Author: Kanta Dihal, University of Oxford, United Kingdom

If communicating the concepts of quantum physics to adults proves a struggle, how could a children’s book approach the topic? Children’s popularizations of science are known for the inclusion of practical, tangible experiments which children can perform themselves, an approach that dramatically increases the affective bond with the child. In works on quantum physics, however, it becomes much more difficult to create experiments that can be performed by children, with safe tools that can be found at home.

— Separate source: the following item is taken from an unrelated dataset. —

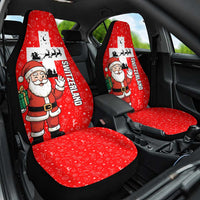 Switzerland Christmas Car Seat Cover with Santa Sleigh Silhouette and Red Holiday Icon - Wonder Print Shop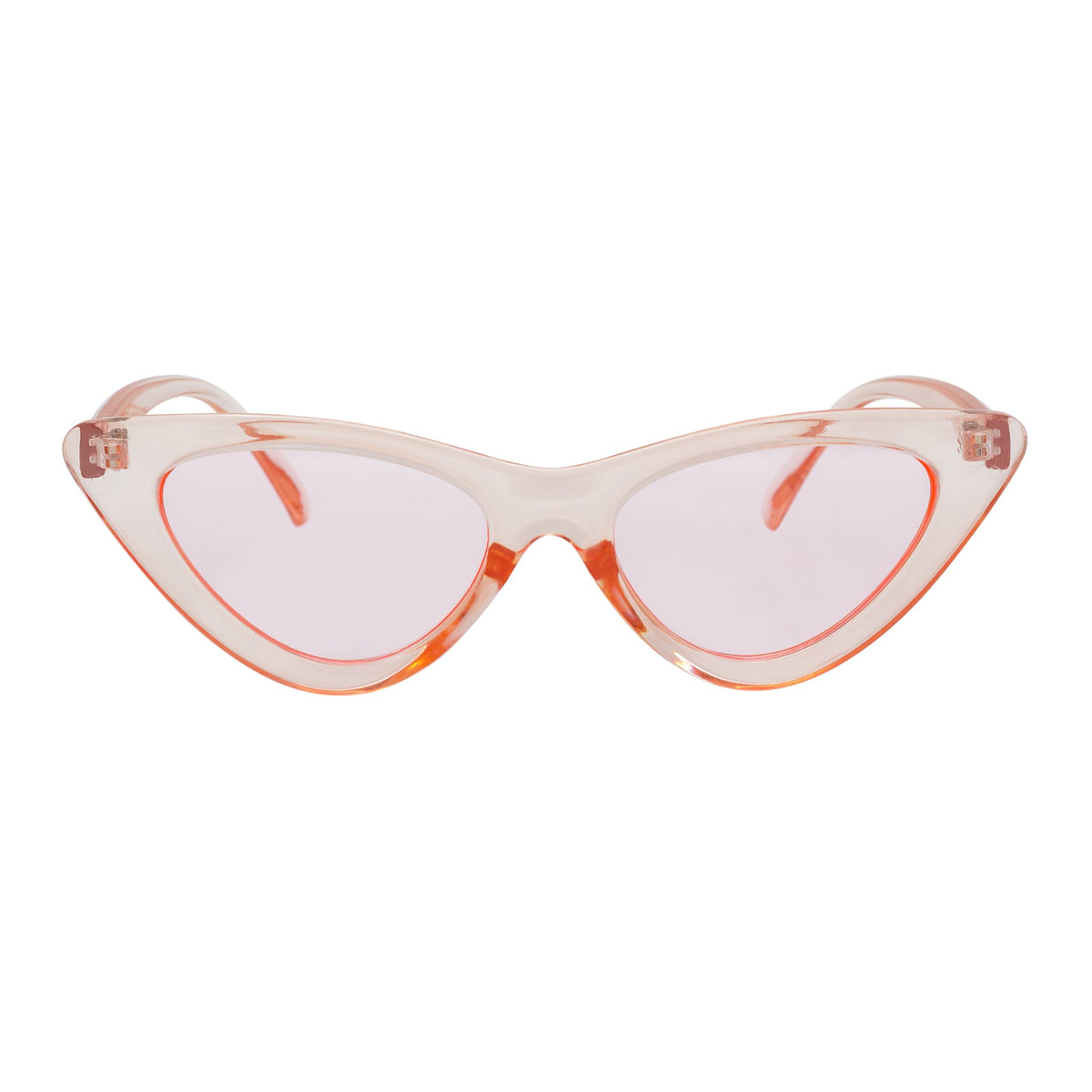 FELINE - Thick Oval Retro Small Cat Eye Sunglasses Pink Pink Tint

In children’s books that cover quantum physics, such experiments are to a large extent abandoned in favour of a science fiction-like or fantastical story that excludes the reader as an active agent: examples are Lucy and Stephen Hawking’s George series (2009-2016), Russell Stannard’s Uncle Albert and the Quantum Quest (2005), and Robert Gilmore’s Alice in Quantumland (1995). The fictional and the fantastical are used extendedly in all of these works, to the point where science and fiction are no longer distinguishable, turning the work into a ‘scientific fantasy’.

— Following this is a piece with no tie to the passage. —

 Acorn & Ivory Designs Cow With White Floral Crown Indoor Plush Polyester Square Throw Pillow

Too often, studies of literature and science (Sleigh, Clarke and Rossini, Willis) or of science fiction (Latham, Bould et al, Garnett and Ellis, Roberts) omit works for children. This paper, which is part of the author’s doctoral research project (2014-2017), will address this gap, looking at the communication of quantum physics to children via two genres, science fiction and popularization, and the ways in which a crossover between the two can be made in order to communicate the concepts from modern physics. Where Melanie Keene in Science in Wonderland (2015) discussed the use of fantasy elements in science writing for children to show that science was stranger and more amazing than fiction, I will show to what extent this discourse continued to be used in the twentieth and twenty-first century.